§ Material for this exercise
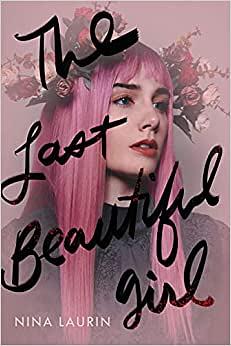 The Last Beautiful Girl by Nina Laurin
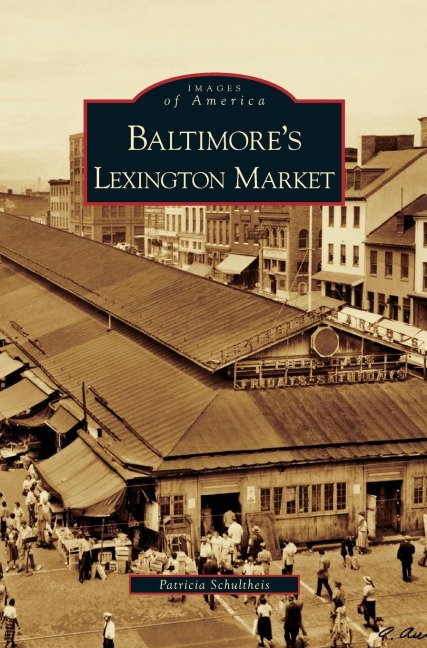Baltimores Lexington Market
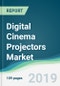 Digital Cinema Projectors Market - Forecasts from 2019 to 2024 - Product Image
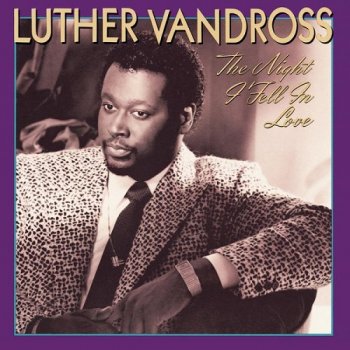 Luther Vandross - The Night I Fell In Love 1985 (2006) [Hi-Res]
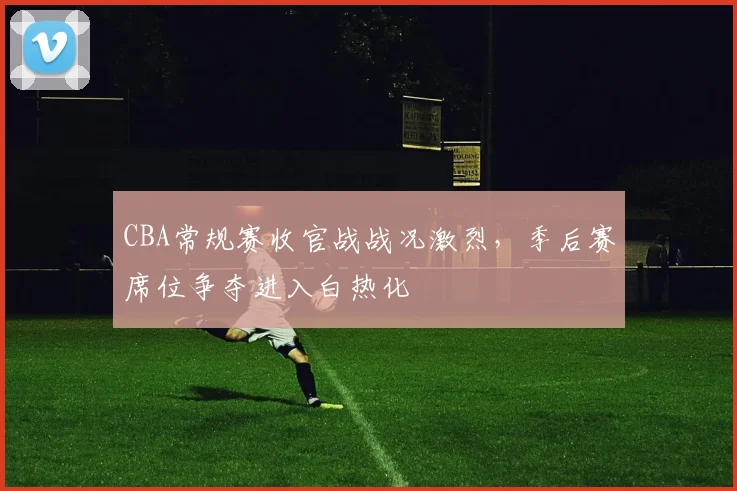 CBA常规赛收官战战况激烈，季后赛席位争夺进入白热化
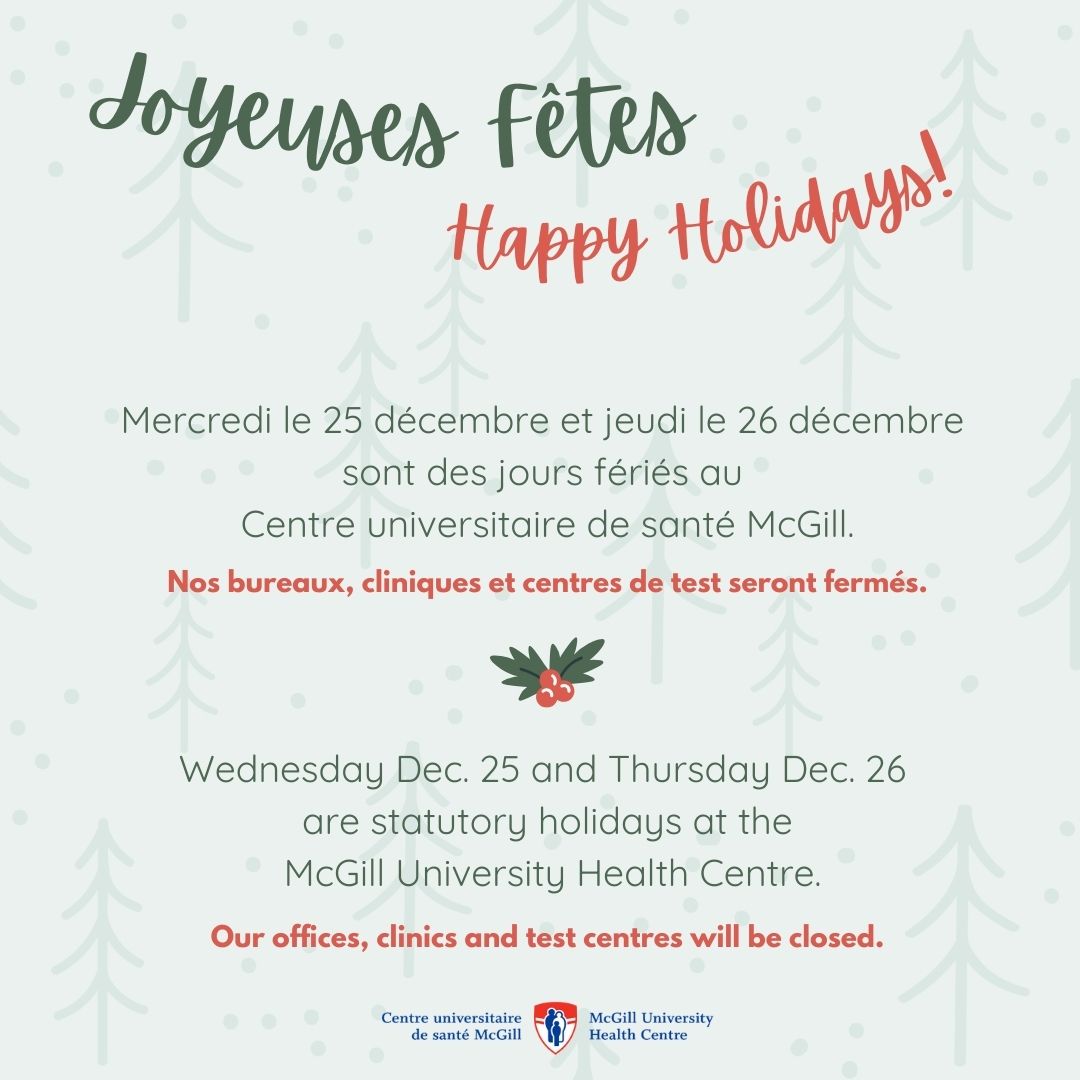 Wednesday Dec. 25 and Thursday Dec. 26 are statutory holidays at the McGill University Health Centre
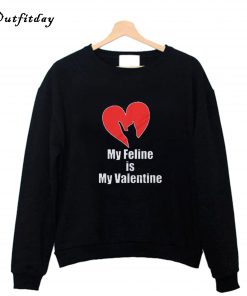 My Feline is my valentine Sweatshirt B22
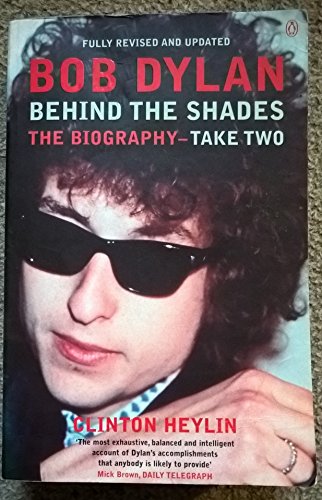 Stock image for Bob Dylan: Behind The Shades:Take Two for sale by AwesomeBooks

§ Your assignment
When you copy the data above, keep each line exact and omit the pictures.

§ Answer for the task
 The Last Beautiful Girl by Nina Laurin
Baltimores Lexington Market
 Digital Cinema Projectors Market - Forecasts from 2019 to 2024 - Product Image
 Luther Vandross - The Night I Fell In Love 1985 (2006) [Hi-Res]
 CBA常规赛收官战战况激烈，季后赛席位争夺进入白热化
 Wednesday Dec. 25 and Thursday Dec. 26 are statutory holidays at the McGill University Health Centre
 My Feline is my valentine Sweatshirt B22
 Stock image for Bob Dylan: Behind The Shades:Take Two for sale by AwesomeBooks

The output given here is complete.